▶ **Information shown**
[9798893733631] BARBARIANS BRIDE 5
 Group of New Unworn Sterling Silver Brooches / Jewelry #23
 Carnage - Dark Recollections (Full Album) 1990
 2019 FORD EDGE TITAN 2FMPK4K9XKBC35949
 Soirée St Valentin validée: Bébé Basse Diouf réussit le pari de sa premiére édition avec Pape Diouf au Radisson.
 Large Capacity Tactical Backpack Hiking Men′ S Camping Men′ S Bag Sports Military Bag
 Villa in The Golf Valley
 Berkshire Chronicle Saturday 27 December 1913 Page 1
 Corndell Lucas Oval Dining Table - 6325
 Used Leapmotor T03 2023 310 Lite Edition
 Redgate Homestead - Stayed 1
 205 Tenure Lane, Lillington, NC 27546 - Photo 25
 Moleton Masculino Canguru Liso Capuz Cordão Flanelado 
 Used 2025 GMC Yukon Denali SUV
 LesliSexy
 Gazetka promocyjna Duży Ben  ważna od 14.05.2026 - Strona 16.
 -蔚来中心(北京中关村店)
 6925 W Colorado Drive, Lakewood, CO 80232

▶ **Problem details**
Tell how many lines of the data contain "Used". Nothing but the number belongs in the reply.

▶ **Result**
2